LOS ANGELES (Reuters) - R&B singer Rihanna broke her silence on Friday about the night her ex-boyfriend Chris Brown attacked her, saying he had bitten her, put her in a headlock and left her bleeding and swollen.

"It wasn't the same person that says 'I love you.' It was not those...eyes," Rihanna, 21, told Diane Sawyer in an interview on ABC television's "Good Morning America" show.

"He had...no soul in his eyes. Just blank...He was clearly blacked out. There was no person when I looked at him," she said.

Brown, 20, singer of hits like "Kiss, Kiss," was sentenced to five years probation and 180 hours of community service for the assault in February on the eve of the Grammy Awards.

He has apologized publicly and although the pair briefly reunited, Rihanna said she now has "no desire at all to be with him."

Rihanna said the attacks started with an argument over a text message Brown received while they were driving home from an industry party.
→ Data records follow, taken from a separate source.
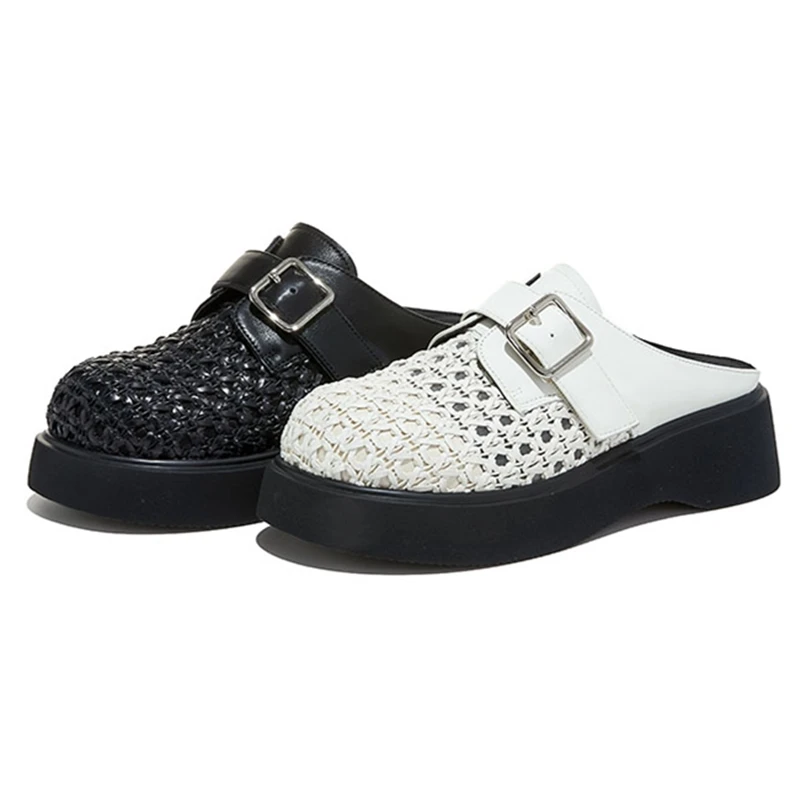 

AIYUQI 2026 New Women's Sneakers Thick-soled woven slippers women Closed-toe casual beach shoes female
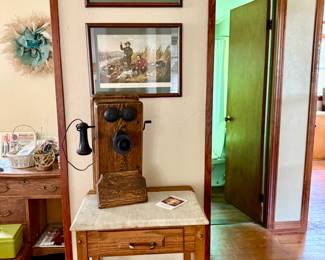 Antique phone and engravings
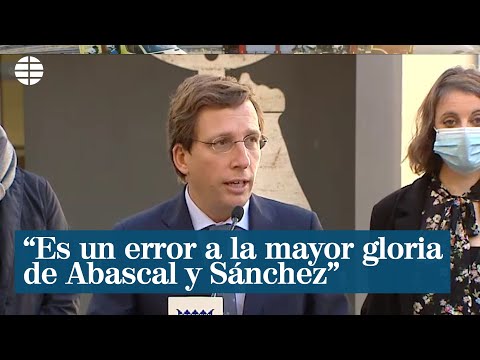 Almeida sobre la moción de censura de Vox: Es un error a la mayor gloria de Abascal y Sánchez
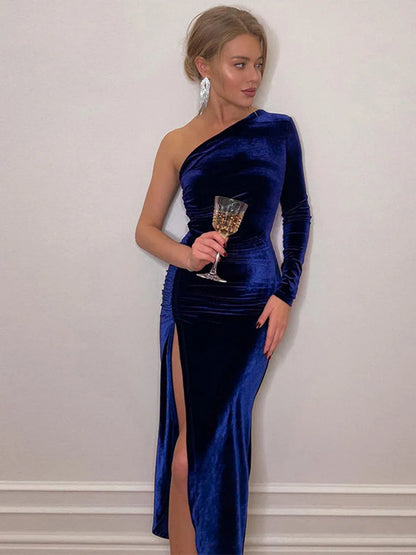 Long Sleeve Party Evening Velvet Bodycon Split Pencil Midi Dress Spring Autumn Clothes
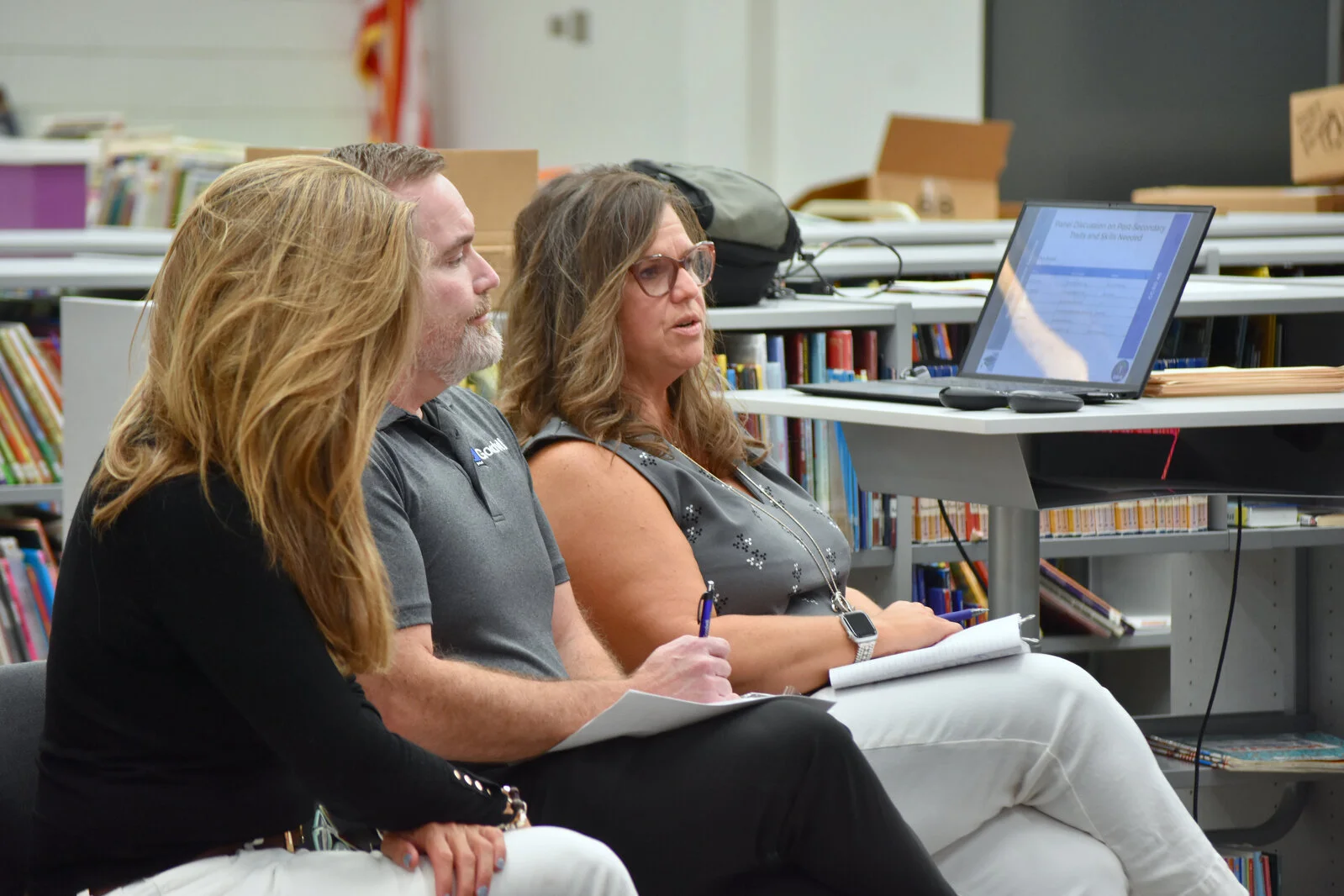 Panelists address the committee at the Portrait of a Learner team meeting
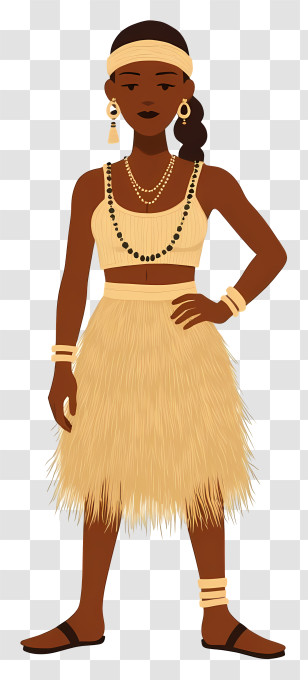 South Africa People - Grass Skirt With Beaded Accessories Transparent PNG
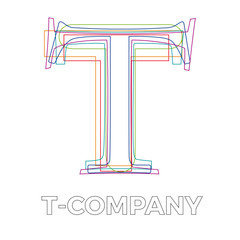 Vector sign linear letter T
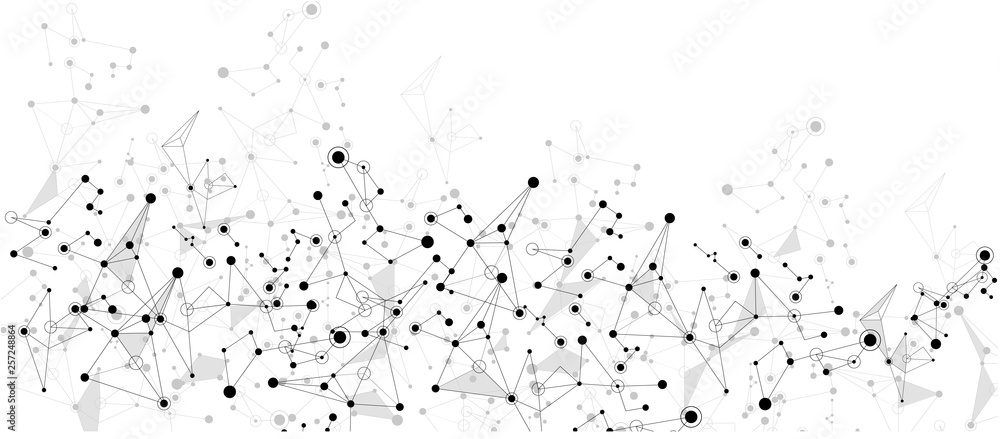 White global communication banner with grey abstract network pattern. White global communication banner with grey abstract network pattern.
"I couldn't take it that he kept lying to me. And he couldn't take it that I wouldn't drop it. And...it was ugly," she told Sawyer.

She acknowledged police reports that Brown bit her, put her in a head lock until she had trouble breathing, and punched her several times in the eye.

"I fended him off with my feet...but it was not like, it was not like a fight with each other. I just...I really just wanted it to stop," she said.

Her screams prompted a passer-by to call the police.

"I was bleeding, I was swollen in the face," she said. "So there was no way of me getting home, except for, my next option was to get out of the car and walk. Start walking in a gown, in a bloody face. So I really don't know what my plan was."

Rihanna said although her wounds had long healed, she had flashbacks and scars inside.

"The thing that men don't realize when they hit a woman, it's...the face, the broken arm, the black eye, it's going to heal. That's not the problem. It's the scar inside.

"You flashback...you...you remember all the time. It comes back to you whether you like it or not. And it's painful. So I don't think he understood that," she said.